Video: How hay makes meadows

PhD researcher, Vicky Bowskill, explains how meadow flowers are able to thrive, despite being mown for hay every summer.

Written by Vicky Bowskill and Irina Tatarenko
Filmed, narrated and produced by Vicky Bowskill
Technical support by John McGrath
Thanks to the Open University School of Environment, Earth and Ecosystem Sciences, the Floodplain Meadows Partnership, CENTA and site owners The Parks Trust
Further reading:

Video: Yarnton and the importance of haymaking
www.floodplainmeadows.org.uk
Haymaking is critical to our heritage hay meadows, but is later really better?

Transcript

This is a floodplain meadow. It’s mid-July and you can see that the sward has grown tall and dense. If you look down here at the bottom, you can see that not much is able to grow underneath these tall, competitive species.

Historically hay was cut on these wet meadows in late June, because this is the best way to produce a high-quality hay crop for agricultural use. It also ensures that nutrients are removed from the meadow before flowering finishes, when nutrients in the aboveground parts of the plants move back into belowground stores. This helps to balance out the soil nutrients that arrive in flood sediments and prevents competitive, nutrient-loving plants from taking over. If the annual hay cut is left too late, or missed altogether, soil nutrients can build up and you may see a reduction in the number of different species in the meadow as the smaller low-growing species are crowded out.

This is a quadrat that was cut in late June – about 3 weeks ago – and you can see that already it’s starting to recover. This is because meadow species have a survival strategy involving underground energy stores and bud banks, so they have everything they need to spring back to life quickly after haymaking and have a second flush, providing good autumn grazing.

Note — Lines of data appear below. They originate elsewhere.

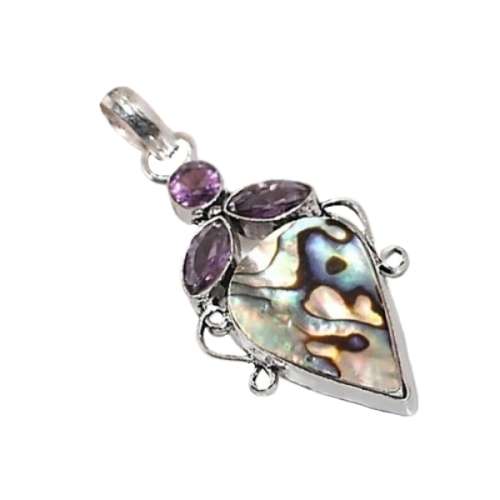 NATURES BOUNTY ABALONE, PURPLE AMETHYST GEMSTONE 925 STERLING SILVER PENDANT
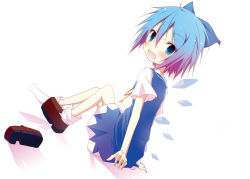 Rule 34 | 1girl, blue hair, blush, cirno, hinata ichi, ice, ice wings, looking back, open mouth, shoes, single shoe, sitting, socks, solo, touhou, wings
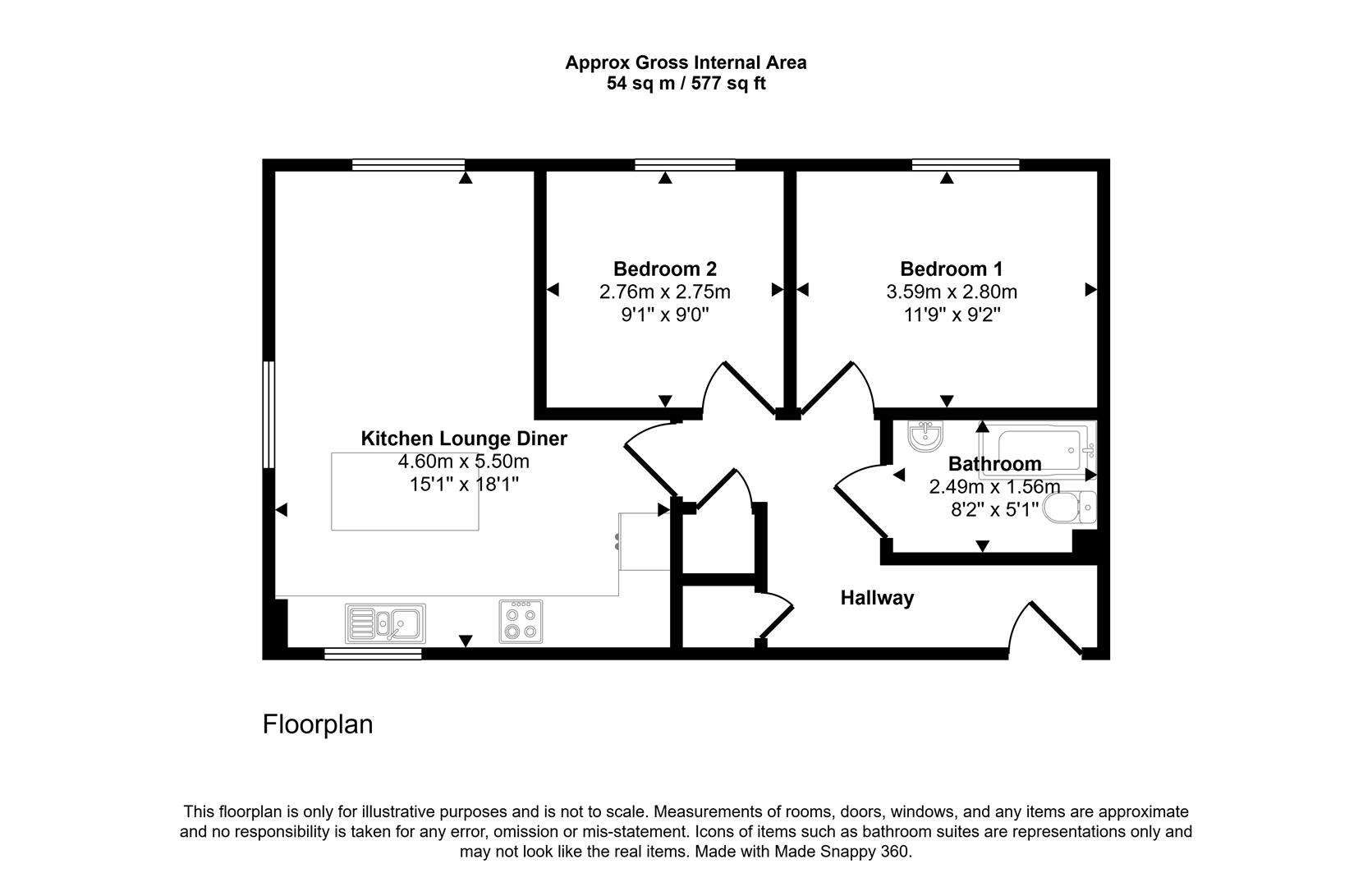 Flat 11, 25, Swan Crescent, Newport floorplan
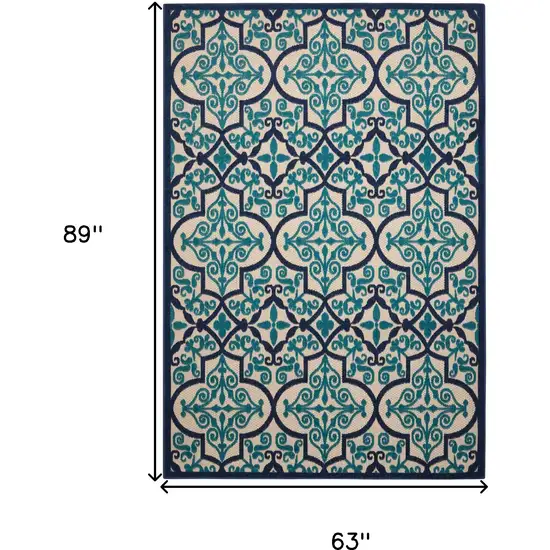 Blue And Ivory Moroccan Indoor Outdoor Area Rug Photo 6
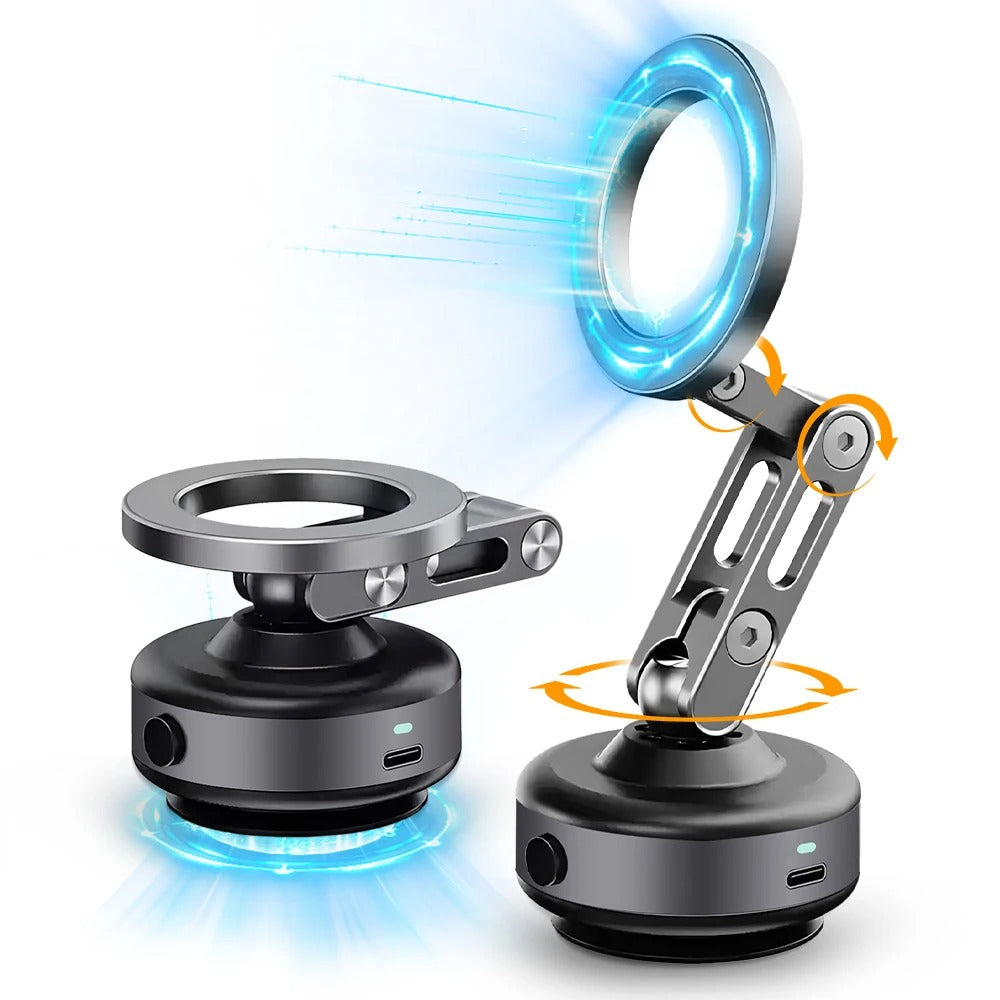 "Universal magnetic car phone holder with 360° rotation, showcasing powerful magnetic grip and electric suction capability."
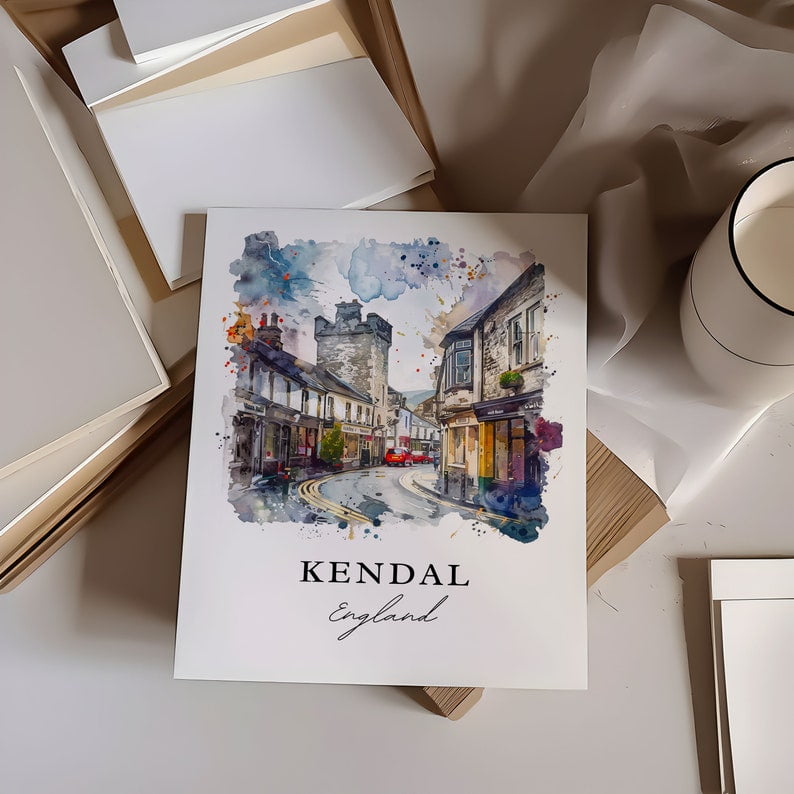 Kendal England Wall Art Kendal Print Kendal UK Watercolor Cumbria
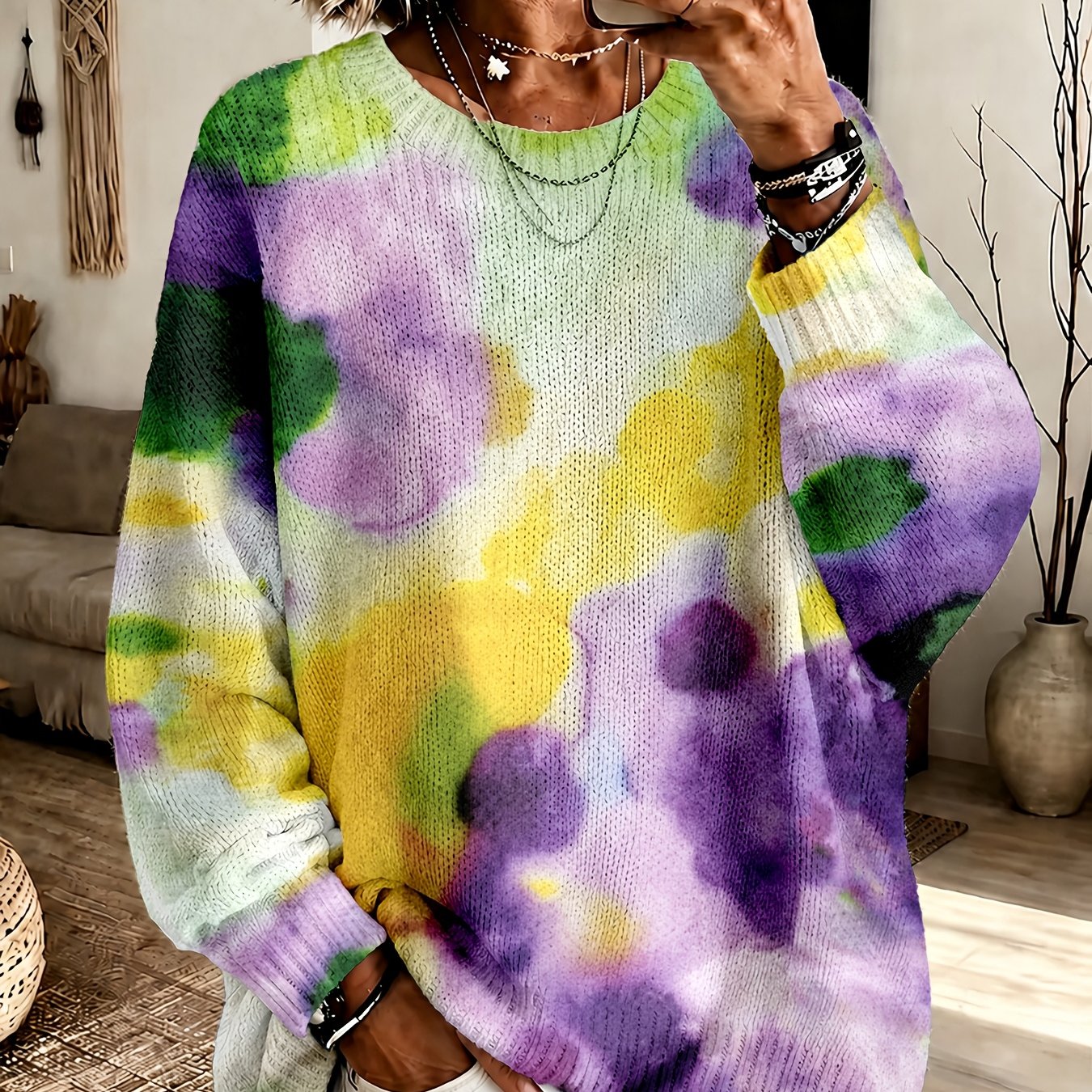 Giselle™ | Tie-Dye Floral Round-Neck Sweater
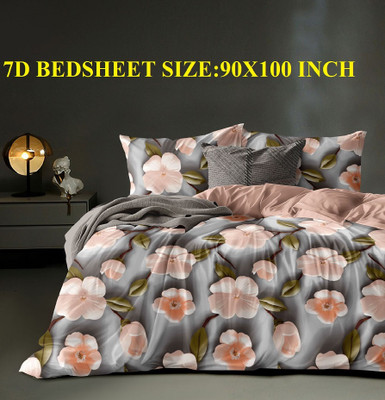 Laying Style Polycotton King Flat 400 TC Floral Bedsheet(Pack of 1, Heavy 7D Flower Print Double king Size Bedsheet 90x100 inch with 2 Pillow cover)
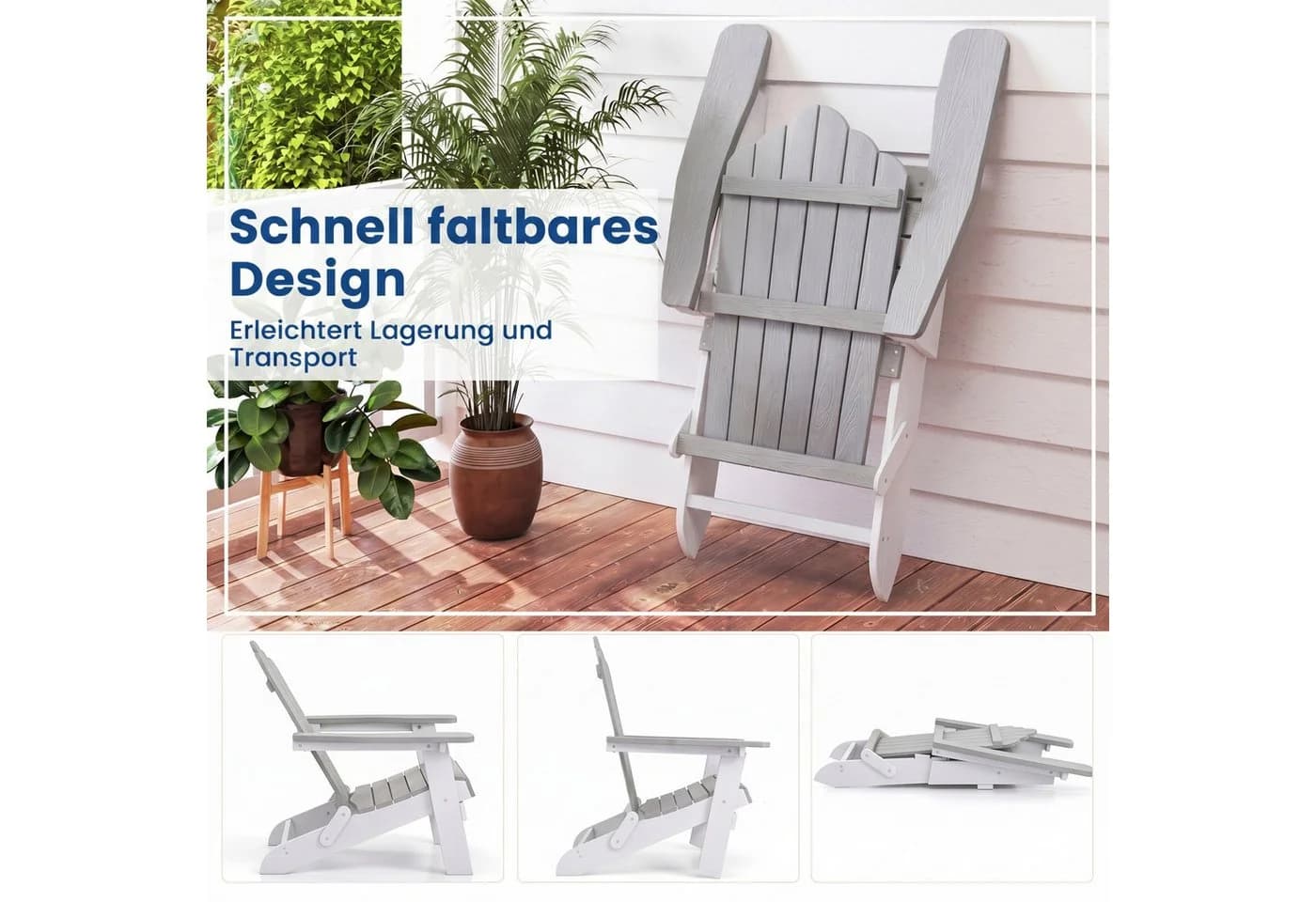 COSTWAY Klappbarer Adirondack Gartenstuhl Grau/Weiß HIPS - Bild 3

You might be concerned that a June cut wouldn’t allow these wildflowers time to set seed and reproduce. However, many of these are long-lived species that can reproduce by forming clones – without the need for seed. What might surprise you is that some of these delicate-looking plants may actually be over 100 years old – at least as old as many of the trees and hedges nearby – and only need to set seed on those occasional years when hay cutting is delayed due to flooding or bad weather. But it is essential that hay is cut and removed every year so that the litter from old growth doesn’t block light and space from the early low-growing species the following spring.

This cycle of summer hay cutting and aftermath grazing ensures a broad range of plants will continue to thrive here in the long term, providing a diverse habitat structure and varied food sources for invertebrates and other animals who rely on these high nature value meadows.